Short web captions
▬▬▬▬▬▬▬▬▬▬

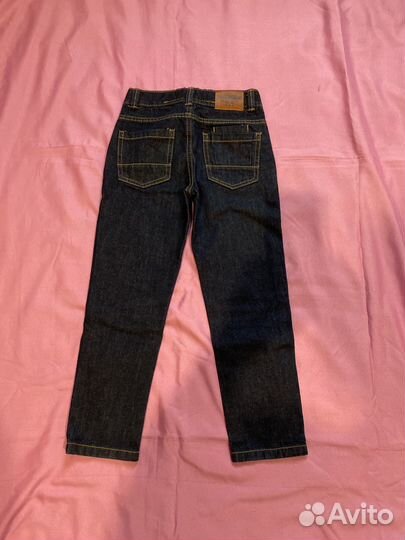 Джинсы детские на 6 -7лет,рост122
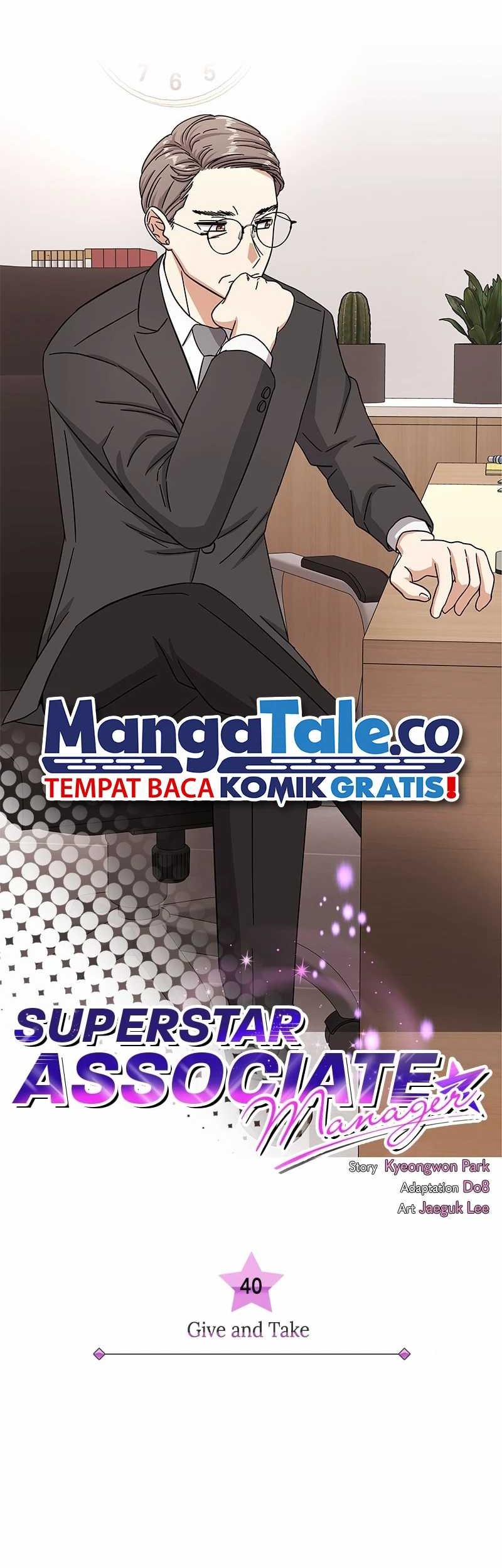 Superstar Associate Manager Chapter 40 - halaman 15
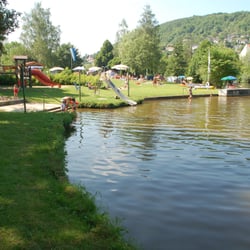 Kocherfreibad & Campingplatz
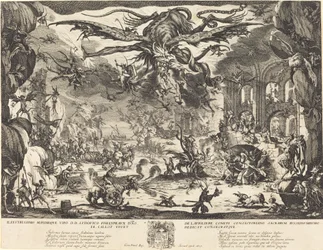 Die Versuchung des heiligen Antonius [zweite Version]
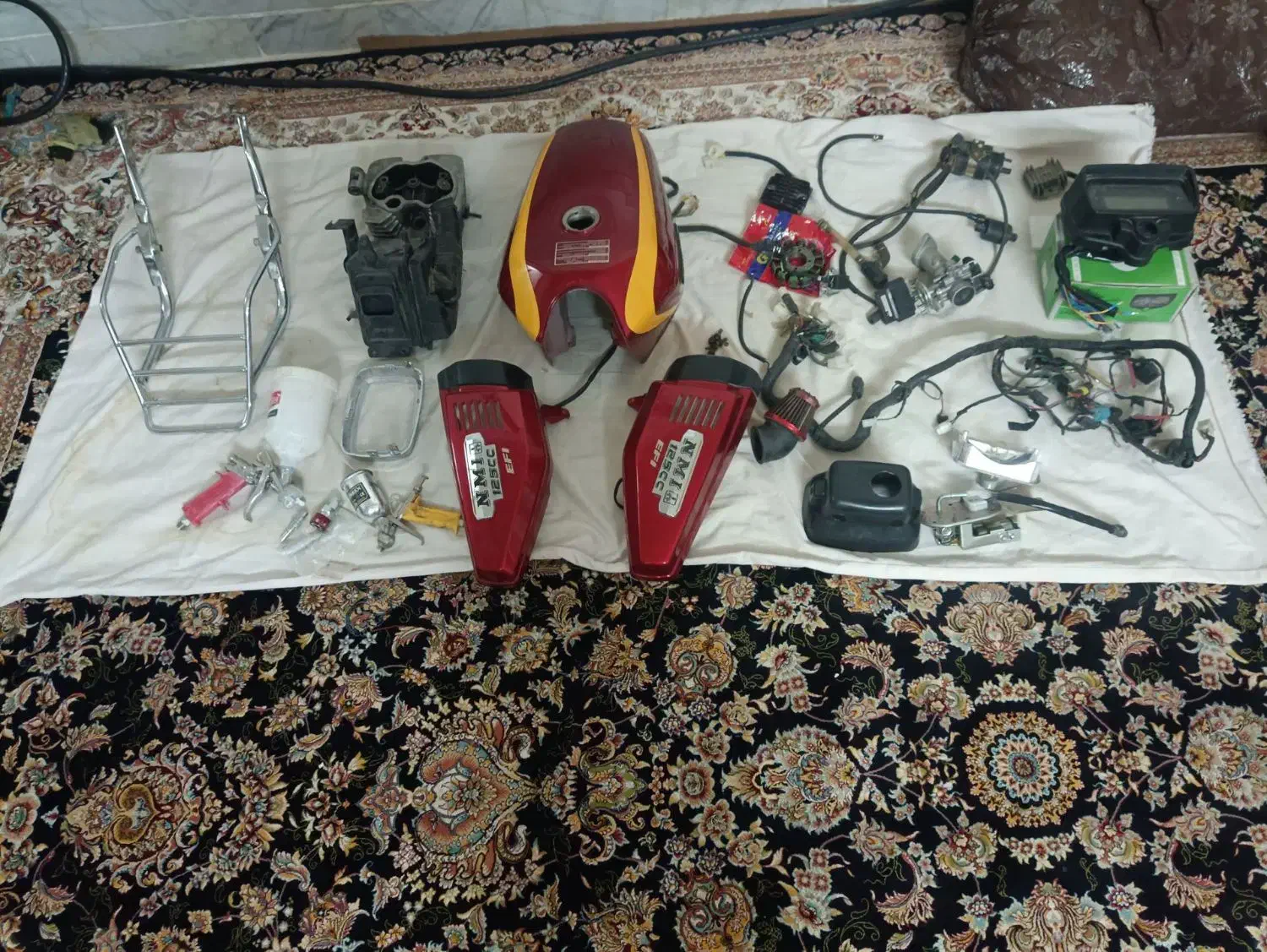 لوازم موتور|قطعات یدکی و لوازم جانبی|یزد, |دیوار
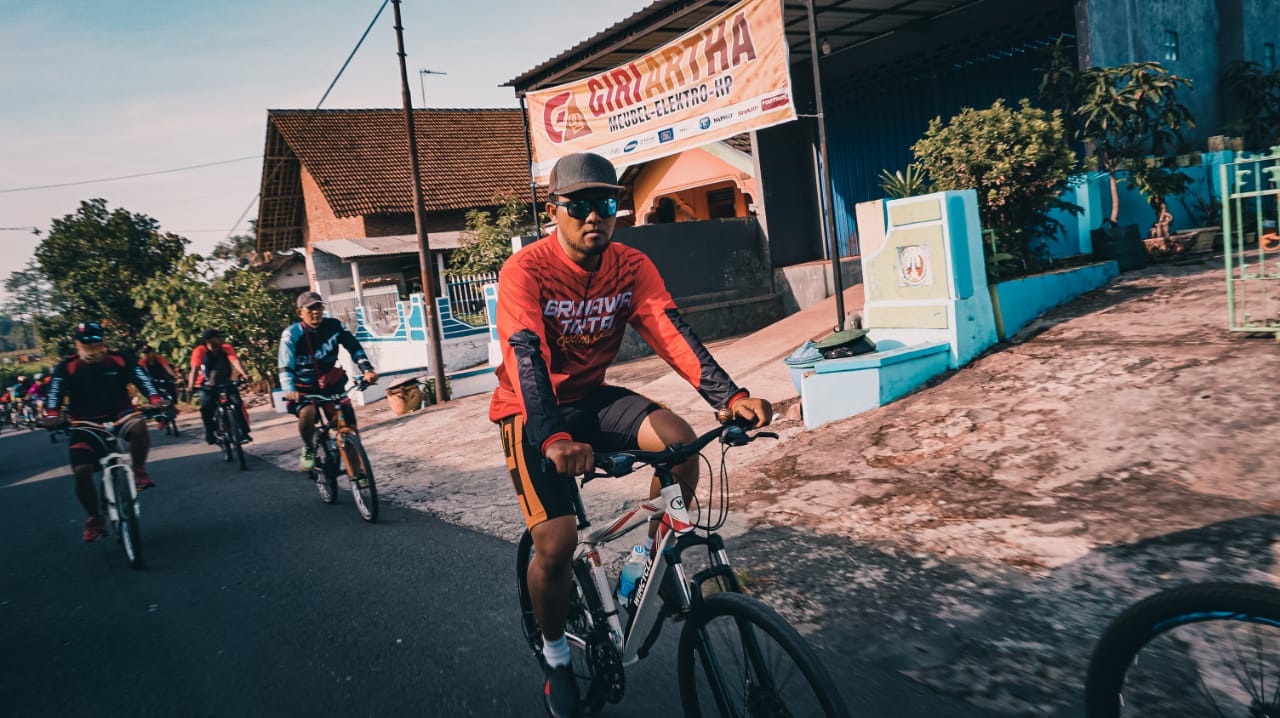 GNT Cycling Club Goes to Blitar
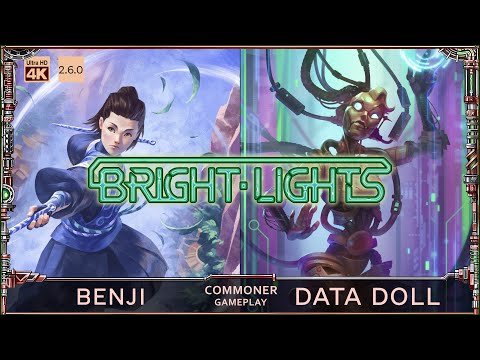 Small Swing, Big Punch! Benji vs Data Doll. Commoner Gameplay - Flesh and Blood TCG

▬▬▬▬▬▬▬▬▬▬

[WORK TASK]
Only the lines from the one holding "لوازم موتور|قطعات یدکی" to the last line of the entries above should be printed, exactly as they appear and with no pictures.

[EXPECTED OUTPUT]
 لوازم موتور|قطعات یدکی و لوازم جانبی|یزد, |دیوار
 GNT Cycling Club Goes to Blitar
 Small Swing, Big Punch! Benji vs Data Doll. Commoner Gameplay - Flesh and Blood TCG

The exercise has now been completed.